WHAT YOU HAVE TO DO:
Everything in the entries except the pictures must be repeated exactly.

◆ ◆ ◆

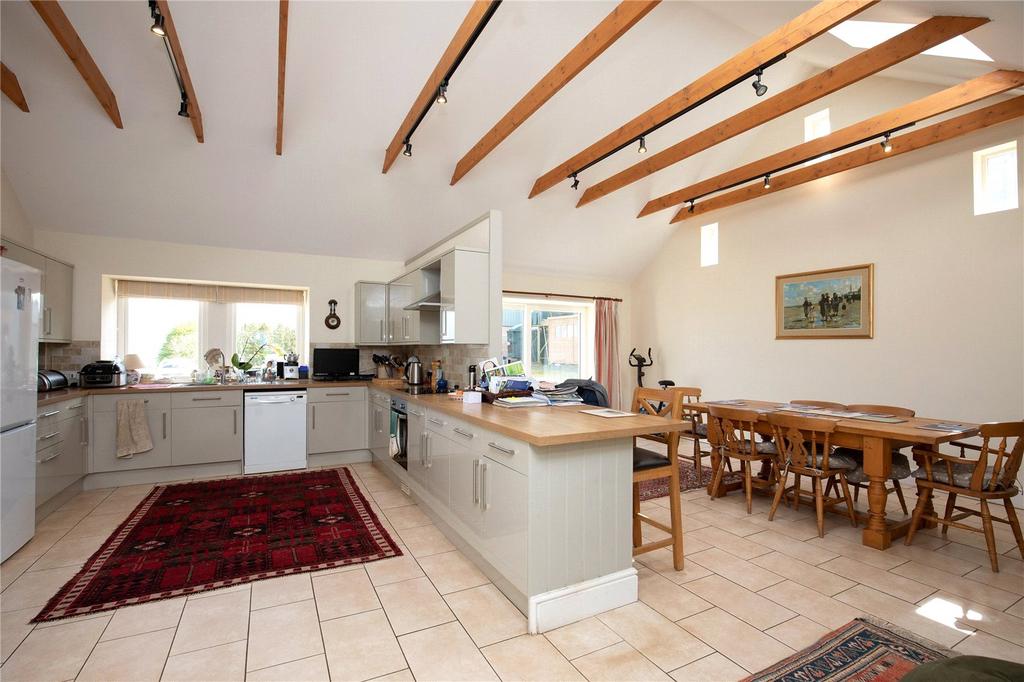 Grieves Cottage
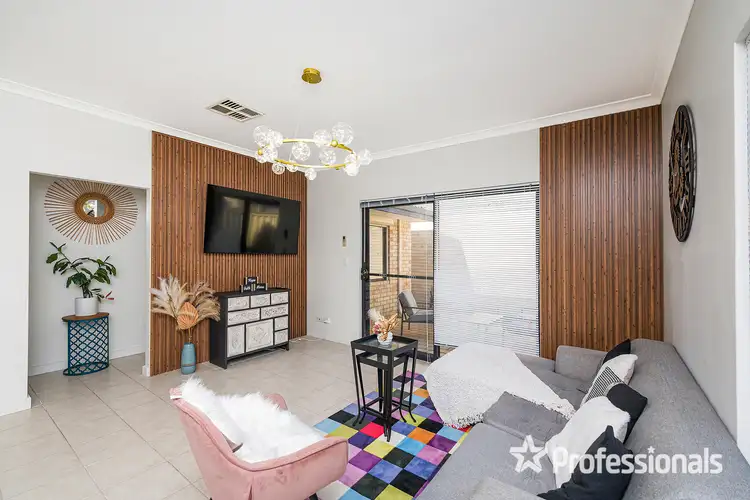 Fourth view of Homely house listing, 15A Garnett Place, Balga WA 6061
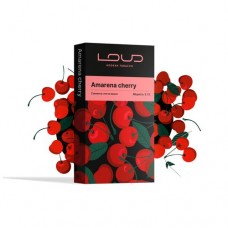 Табак Loud Amarena Cherry (Вишня) - 100 грамм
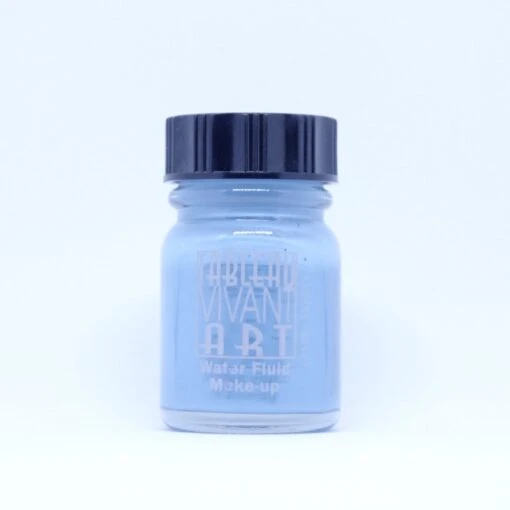 Fluide Bleu Glace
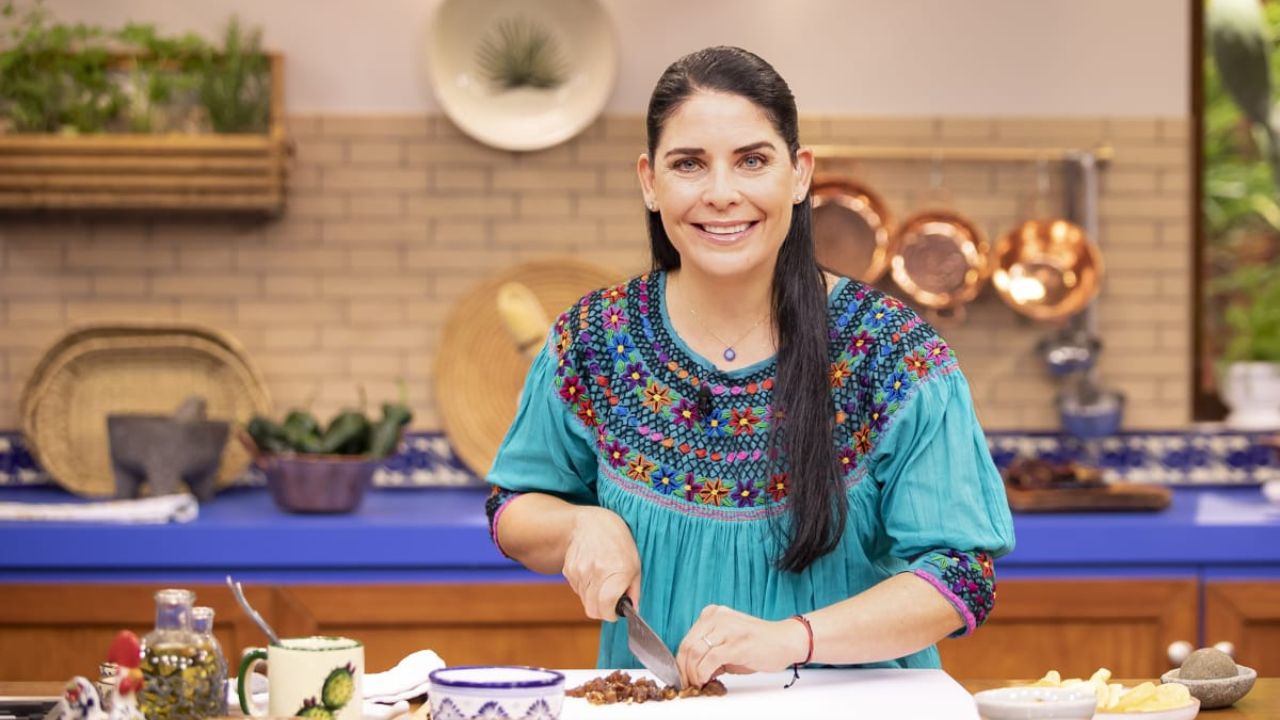 chef Zahie Téllez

◆ ◆ ◆

RESPONSE TO THIS EXERCISE:
 Grieves Cottage
 Fourth view of Homely house listing, 15A Garnett Place, Balga WA 6061
 Табак Loud Amarena Cherry (Вишня) - 100 грамм
 Fluide Bleu Glace
 chef Zahie Téllez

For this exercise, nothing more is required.